Ten (10) years after the Coup, we sign this statement because there is disturbing and compelling evidence that:
1) Canada was centrally involved in planning the Coup. A year in advance, on January 31 and February 1, 2003, Canada hosted the Ottawa Initiative on Haiti.
This controversial meeting was held at the Meech Lake Government
Resort, near Gatineau, Québec, to plan and consolidate the Coup.
2) Canada took an active part
in the actual forced removal from Haiti and exile to Africa of
President Aristide. Canadian soldiers, notably those serving in Joint
Task Force 2, were assigned by Canadian government leaders to join local
paramilitary mercenaries and U.S. troops illegally deployed to
Port-au-Prince, Haiti, to conduct the Coup d’État.
Records of the Canadian Parliament
show that on March 10, 2004, ten days after the coup, Stockwell Day,
then-foreign affairs critic for the Conservative opposition, declared in
Parliament: “… we have an elected leader Aristide. We may not have
wanted to vote for him… But the (Canadian) government makes a decision
that there should be a regime change. It is a serious question that we
need to address. That decision was based on what criteria? We must have
this discussion…This was clearly a regime change. Whether we like to
admit it or not, we took part.”
3) The Coup was followed by several documented massacres and arbitrary arrests
of pro-democracy activists. It dismantled Haiti’s entire elected
government structure, and U.S.-appointed post-coup regimes — backed
financially, militarily and diplomatically by Canada — are marred by
serious human rights abuses.
4) One of the most disastrous consequences of the Coup and subsequent
U.N. tutelage is that Haiti, a country with no known cases of cholera
for the past 100 years, now has one of the worst cholera epidemics in
the world. The cholera death toll has already reached 8500 and as of
January 2014, more than 700,000 have gotten sick from the deadly
bacterium.
Several independent scientific studies
unequivocally implicate the UN for introducing cholera to Haiti.
According to these studies, UN soldiers stationed near Haiti’s La Mielle
and Artibonite Rivers contaminated these major water sources in October
2010 with improperly disposed feces.
To date, the UN refuses to assume responsibility for this grave act
of criminal negligence. We support the worthy efforts of human rights
groups Bureau des Avocats Internationaux (BAI) and the Institute for
Justice and Democracy in Haiti (IJDH) to seek redress from the UN for
the thousands of victims of cholera in Haiti.
A Canadian helicopter flies over the Presidential Palace as the coup unfolds.
5) The grassroots pro-democracy movement in Haiti, which bravely
overthrew the brutal dictatorship of Jean Claude Duvalier in 1986, has
suffered major setbacks since the Coup took place. The people of Haiti
are currently ruled by a U.S.-imposed
neo-Duvalierist regime, under which the former dictator benefits from
open support from powerful national and international allies. Duvalier
has brazenly mocked his victims since his January 2011 return to U.N.-occupied Haiti.
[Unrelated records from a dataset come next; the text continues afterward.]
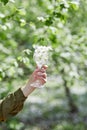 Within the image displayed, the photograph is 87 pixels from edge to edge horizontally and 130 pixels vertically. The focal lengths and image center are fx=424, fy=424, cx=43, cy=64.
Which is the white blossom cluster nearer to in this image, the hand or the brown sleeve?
the hand

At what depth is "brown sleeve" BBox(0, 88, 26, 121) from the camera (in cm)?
291

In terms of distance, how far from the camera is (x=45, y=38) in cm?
422

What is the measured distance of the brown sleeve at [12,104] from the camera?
115 inches

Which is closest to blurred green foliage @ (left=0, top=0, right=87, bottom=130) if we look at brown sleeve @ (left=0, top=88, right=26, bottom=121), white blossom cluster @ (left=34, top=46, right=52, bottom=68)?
white blossom cluster @ (left=34, top=46, right=52, bottom=68)

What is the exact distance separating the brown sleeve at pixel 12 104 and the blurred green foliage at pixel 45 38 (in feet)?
3.23

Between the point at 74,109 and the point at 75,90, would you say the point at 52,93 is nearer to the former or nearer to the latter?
the point at 75,90

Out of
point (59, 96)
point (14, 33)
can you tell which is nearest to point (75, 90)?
point (59, 96)

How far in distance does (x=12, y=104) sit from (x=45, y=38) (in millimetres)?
1419

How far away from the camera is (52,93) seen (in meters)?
14.2

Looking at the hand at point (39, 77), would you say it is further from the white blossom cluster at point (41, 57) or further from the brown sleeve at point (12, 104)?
the brown sleeve at point (12, 104)

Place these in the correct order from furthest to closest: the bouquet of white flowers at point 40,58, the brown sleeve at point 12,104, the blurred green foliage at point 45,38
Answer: the blurred green foliage at point 45,38
the brown sleeve at point 12,104
the bouquet of white flowers at point 40,58

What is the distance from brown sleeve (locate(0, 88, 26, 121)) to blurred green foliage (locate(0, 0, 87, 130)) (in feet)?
3.23

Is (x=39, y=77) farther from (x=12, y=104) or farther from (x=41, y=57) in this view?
(x=12, y=104)

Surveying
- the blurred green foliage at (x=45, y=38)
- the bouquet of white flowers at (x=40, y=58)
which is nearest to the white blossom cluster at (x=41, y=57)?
the bouquet of white flowers at (x=40, y=58) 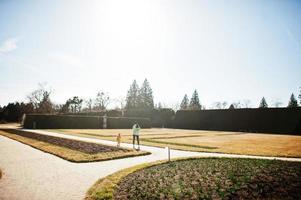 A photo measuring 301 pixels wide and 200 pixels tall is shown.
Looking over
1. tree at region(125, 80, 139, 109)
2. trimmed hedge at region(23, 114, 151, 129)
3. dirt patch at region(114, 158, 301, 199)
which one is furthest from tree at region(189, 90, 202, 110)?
dirt patch at region(114, 158, 301, 199)

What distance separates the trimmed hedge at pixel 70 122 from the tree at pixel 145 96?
2982cm

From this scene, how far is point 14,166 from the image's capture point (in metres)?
10.2

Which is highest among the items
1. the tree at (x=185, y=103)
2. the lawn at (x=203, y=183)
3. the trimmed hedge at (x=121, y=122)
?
the tree at (x=185, y=103)

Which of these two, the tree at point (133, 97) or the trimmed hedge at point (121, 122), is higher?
the tree at point (133, 97)

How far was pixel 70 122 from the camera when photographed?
1727 inches

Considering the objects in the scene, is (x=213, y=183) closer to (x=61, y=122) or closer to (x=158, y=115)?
(x=61, y=122)

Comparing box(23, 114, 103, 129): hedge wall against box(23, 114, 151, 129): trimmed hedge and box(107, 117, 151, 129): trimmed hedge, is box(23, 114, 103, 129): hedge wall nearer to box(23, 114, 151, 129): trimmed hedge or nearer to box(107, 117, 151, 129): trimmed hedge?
box(23, 114, 151, 129): trimmed hedge

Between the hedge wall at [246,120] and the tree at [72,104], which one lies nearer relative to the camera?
the hedge wall at [246,120]

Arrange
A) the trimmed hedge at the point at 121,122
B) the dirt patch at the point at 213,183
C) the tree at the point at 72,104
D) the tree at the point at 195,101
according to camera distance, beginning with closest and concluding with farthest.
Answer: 1. the dirt patch at the point at 213,183
2. the trimmed hedge at the point at 121,122
3. the tree at the point at 72,104
4. the tree at the point at 195,101

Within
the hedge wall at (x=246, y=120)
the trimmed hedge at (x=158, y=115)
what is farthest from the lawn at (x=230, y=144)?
the trimmed hedge at (x=158, y=115)

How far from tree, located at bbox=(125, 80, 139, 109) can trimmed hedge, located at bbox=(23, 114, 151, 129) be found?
102 ft

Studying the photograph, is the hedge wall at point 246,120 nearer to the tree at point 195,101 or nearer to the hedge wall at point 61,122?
the hedge wall at point 61,122

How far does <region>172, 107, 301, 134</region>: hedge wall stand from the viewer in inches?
1569

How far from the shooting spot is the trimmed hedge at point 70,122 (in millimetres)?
39781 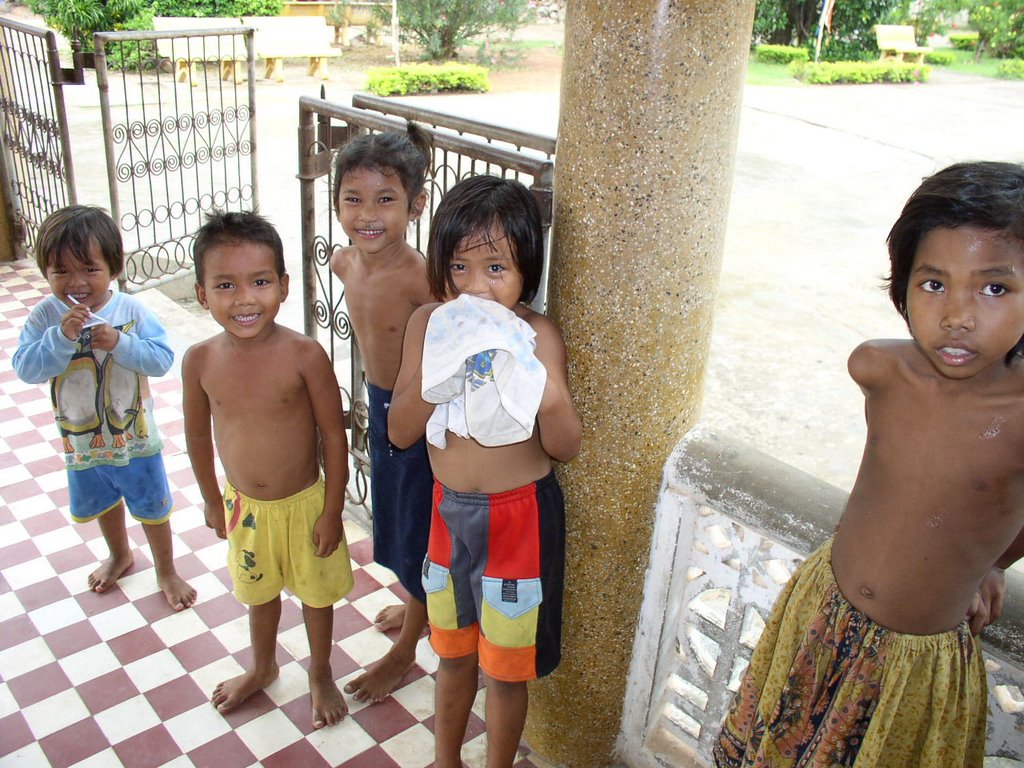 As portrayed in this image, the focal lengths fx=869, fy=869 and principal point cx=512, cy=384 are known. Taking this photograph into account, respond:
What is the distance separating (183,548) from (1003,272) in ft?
8.98

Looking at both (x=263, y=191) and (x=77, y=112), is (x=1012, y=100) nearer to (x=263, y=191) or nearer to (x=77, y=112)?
(x=263, y=191)

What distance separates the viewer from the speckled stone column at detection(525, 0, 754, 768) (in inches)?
64.7

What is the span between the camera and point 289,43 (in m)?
15.5

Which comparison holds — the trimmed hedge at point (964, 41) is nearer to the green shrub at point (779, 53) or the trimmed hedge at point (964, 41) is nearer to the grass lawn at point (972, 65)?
the grass lawn at point (972, 65)

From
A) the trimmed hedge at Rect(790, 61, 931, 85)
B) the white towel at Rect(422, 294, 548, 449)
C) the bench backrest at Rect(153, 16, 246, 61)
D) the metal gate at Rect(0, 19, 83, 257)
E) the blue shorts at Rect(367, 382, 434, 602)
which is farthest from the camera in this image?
the trimmed hedge at Rect(790, 61, 931, 85)

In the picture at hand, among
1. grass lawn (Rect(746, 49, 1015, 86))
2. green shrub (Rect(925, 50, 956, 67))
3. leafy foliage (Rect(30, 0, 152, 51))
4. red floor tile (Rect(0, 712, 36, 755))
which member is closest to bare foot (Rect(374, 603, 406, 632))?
red floor tile (Rect(0, 712, 36, 755))

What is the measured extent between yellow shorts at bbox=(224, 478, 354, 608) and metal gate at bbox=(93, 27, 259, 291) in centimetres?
152

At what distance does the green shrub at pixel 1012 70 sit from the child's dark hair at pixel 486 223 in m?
22.9

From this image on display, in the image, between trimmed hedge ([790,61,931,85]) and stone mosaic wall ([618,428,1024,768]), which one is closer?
stone mosaic wall ([618,428,1024,768])

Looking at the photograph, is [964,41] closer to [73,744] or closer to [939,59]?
[939,59]

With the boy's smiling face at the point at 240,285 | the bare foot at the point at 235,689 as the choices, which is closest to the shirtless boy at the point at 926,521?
the boy's smiling face at the point at 240,285

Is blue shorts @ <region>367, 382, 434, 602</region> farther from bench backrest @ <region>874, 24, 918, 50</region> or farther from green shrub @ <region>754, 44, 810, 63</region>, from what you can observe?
bench backrest @ <region>874, 24, 918, 50</region>

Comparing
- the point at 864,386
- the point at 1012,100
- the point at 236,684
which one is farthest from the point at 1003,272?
the point at 1012,100

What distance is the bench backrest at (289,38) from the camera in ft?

Canada’s role in planning and carrying out the February 29, 2004 Coup
d’État, and in the equally disastrous and illegal U.N. tutelage our
government imposed on Haiti to consolidate the coup, is an ongoing
source of misery and injustice for the Haitian people. We urge all
Canadians, their organizations and representatives to take effective
action to compel the foreign occupation forces to acknowledge and to
make adequate amends for the harm they have caused the People of Haiti.